**TASK TO COMPLETE:** Copy each line of the data below exactly, leaving out pictures.
[Opening DATA SECTION section]
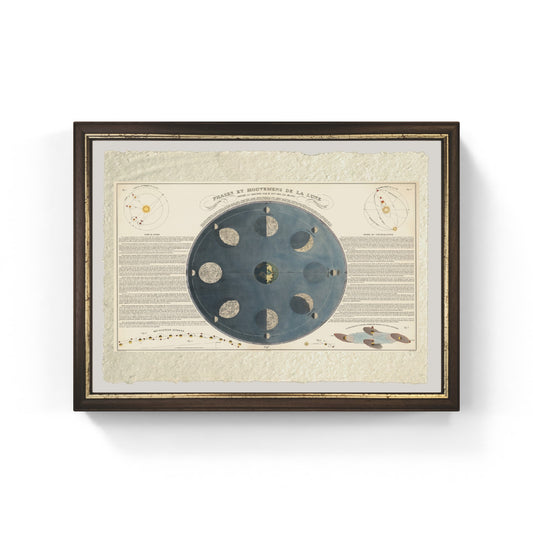 Phases and movements of the Moon - 1850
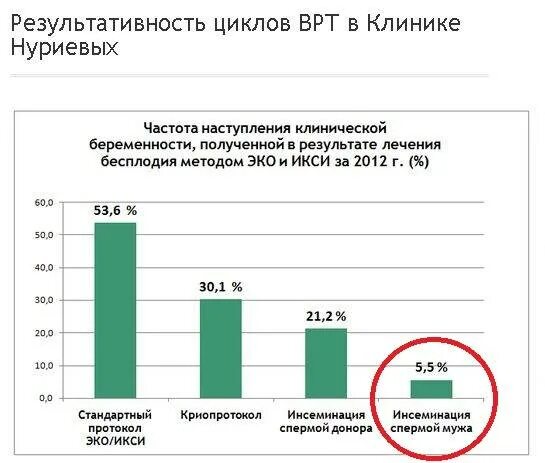 Процент беременности после. Искусственная инсеминация статистика. Статистика по инсеминации. Статистика беременности при инсеминации. Результативность эко.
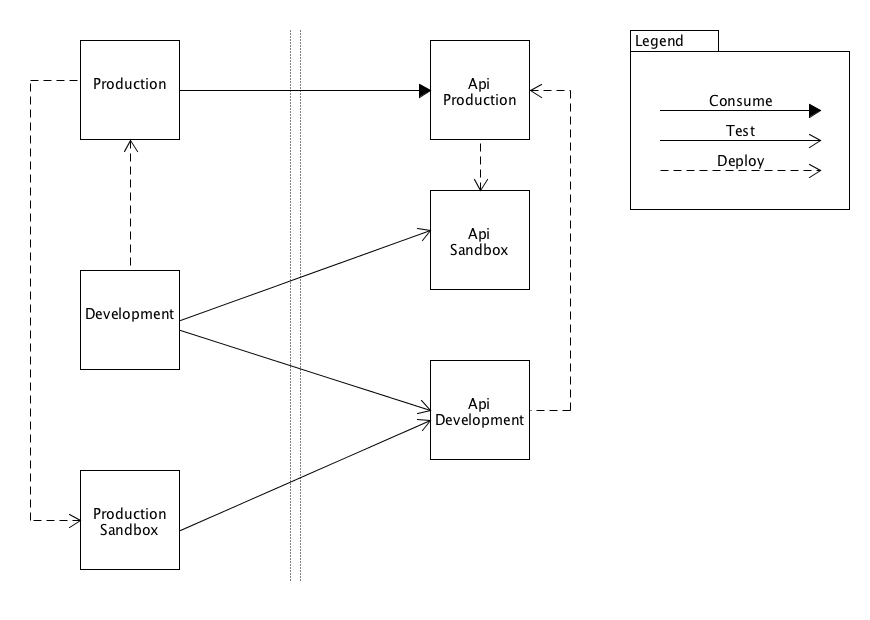 Production Sandbox tests API Development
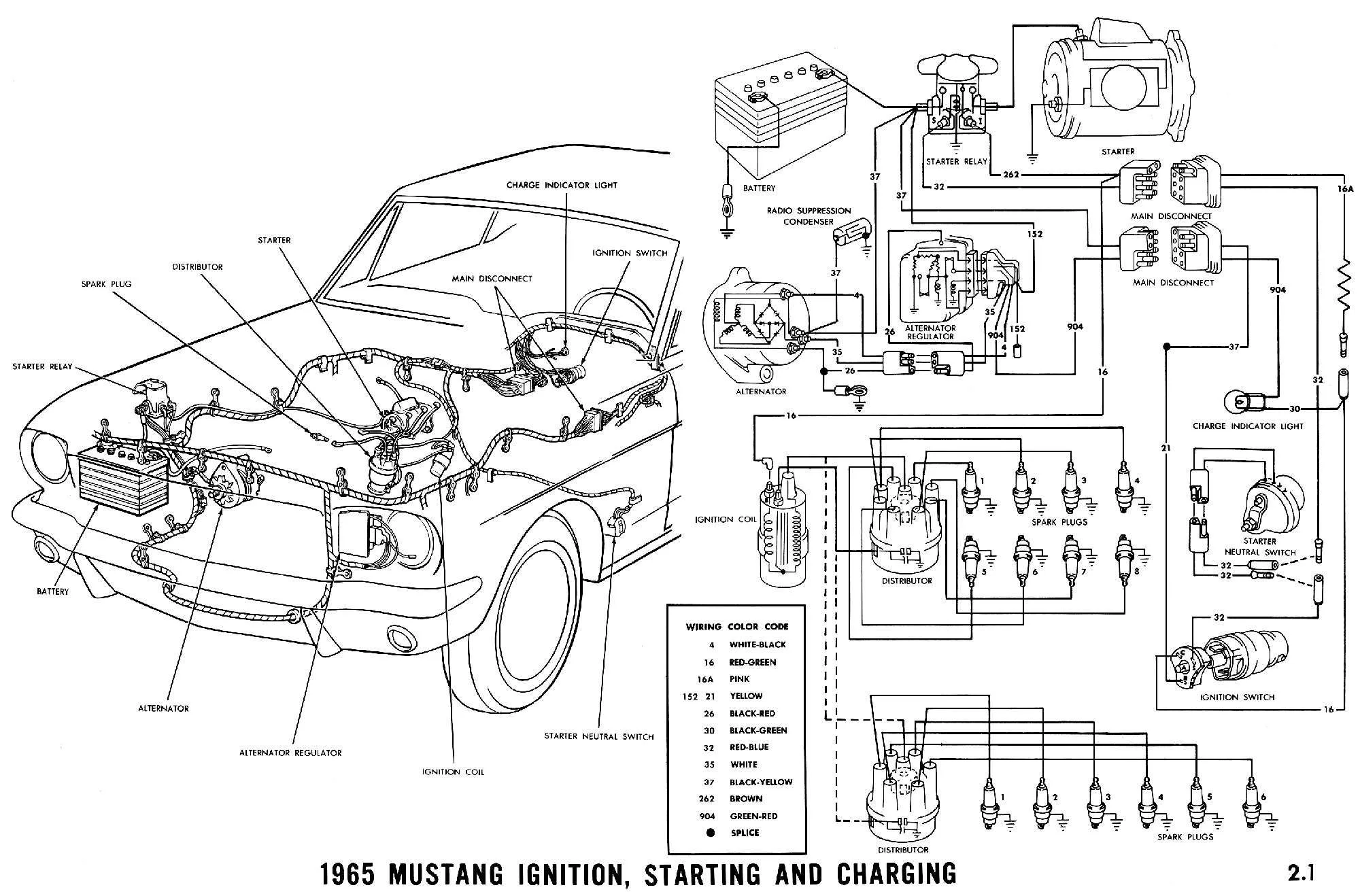 Wiring Diagram 1965 Mustang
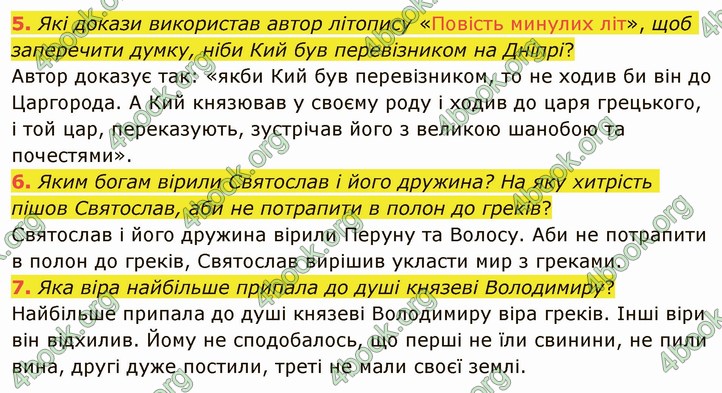 ГДЗ Українська література 5 клас Авраменко 2022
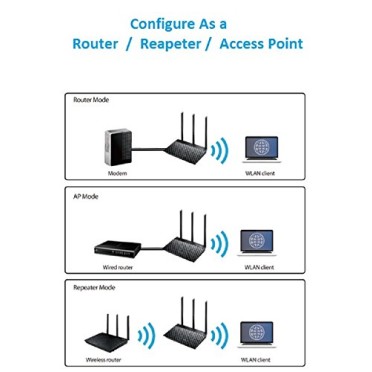 ASUS RT-AC53 AC750 Dual Band Gigabit WiFi Router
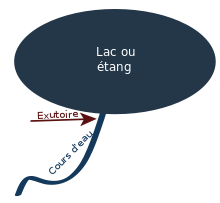 Croquis d'un lac ou étang dont l'eau se déverse par un exutoire dans un cours d'eau : l'émissaire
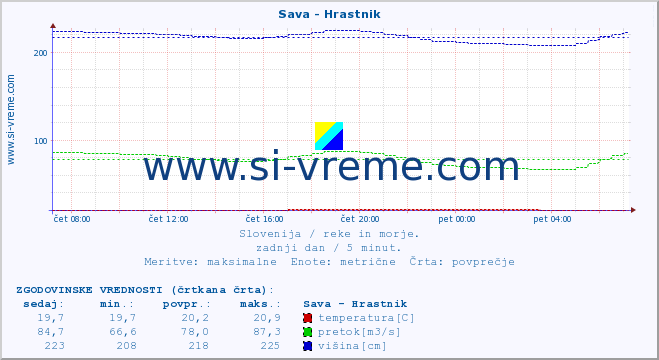 POVPREČJE :: Sava - Hrastnik :: temperatura | pretok | višina :: zadnji dan / 5 minut.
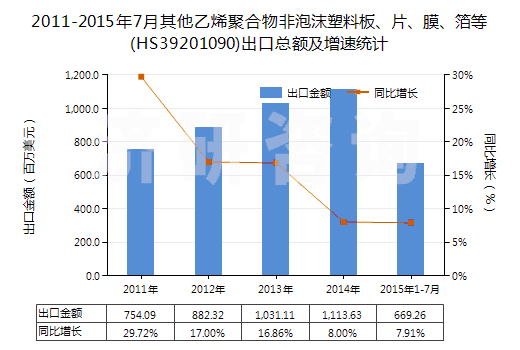 2011-2015年7月其他乙烯聚合物非泡沫塑料板、片、膜、箔等(HS39201090)出口總額及增速統(tǒng)計(jì)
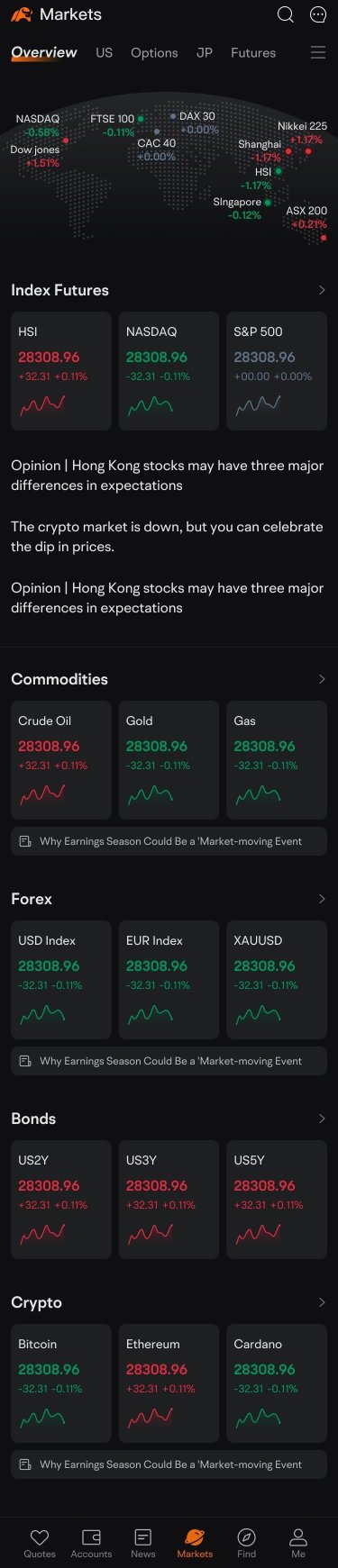 Navigate with ease on the new "Markets" tab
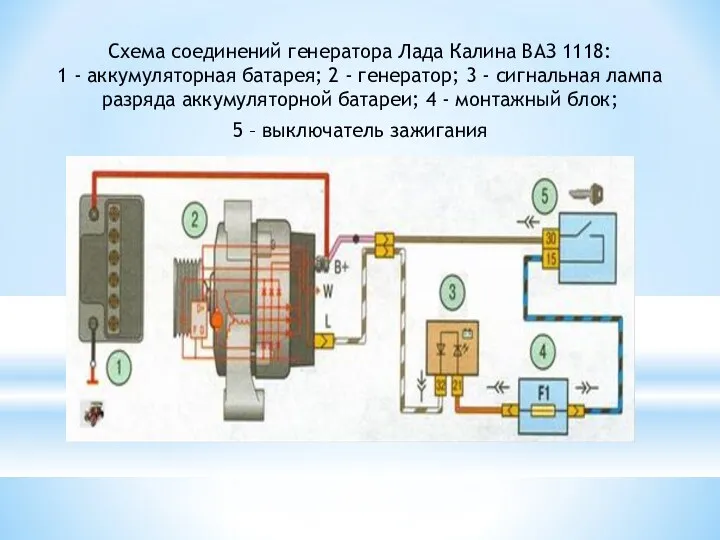 Схема соединений генератора Лада Калина ВАЗ 1118: 1 - аккумуляторная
[Closing DATA SECTION section]
**RESPONSE TO THE EXERCISE:**
 Phases and movements of the Moon - 1850
 Процент беременности после. Искусственная инсеминация статистика. Статистика по инсеминации. Статистика беременности при инсеминации. Результативность эко.
 Production Sandbox tests API Development
 Wiring Diagram 1965 Mustang
 ГДЗ Українська література 5 клас Авраменко 2022
 ASUS RT-AC53 AC750 Dual Band Gigabit WiFi Router
 Croquis d'un lac ou étang dont l'eau se déverse par un exutoire dans un cours d'eau : l'émissaire
 POVPREČJE :: Sava - Hrastnik :: temperatura | pretok | višina :: zadnji dan / 5 minut.
 2011-2015年7月其他乙烯聚合物非泡沫塑料板、片、膜、箔等(HS39201090)出口總額及增速統(tǒng)計(jì)
 Navigate with ease on the new "Markets" tab
 Схема соединений генератора Лада Калина ВАЗ 1118: 1 - аккумуляторная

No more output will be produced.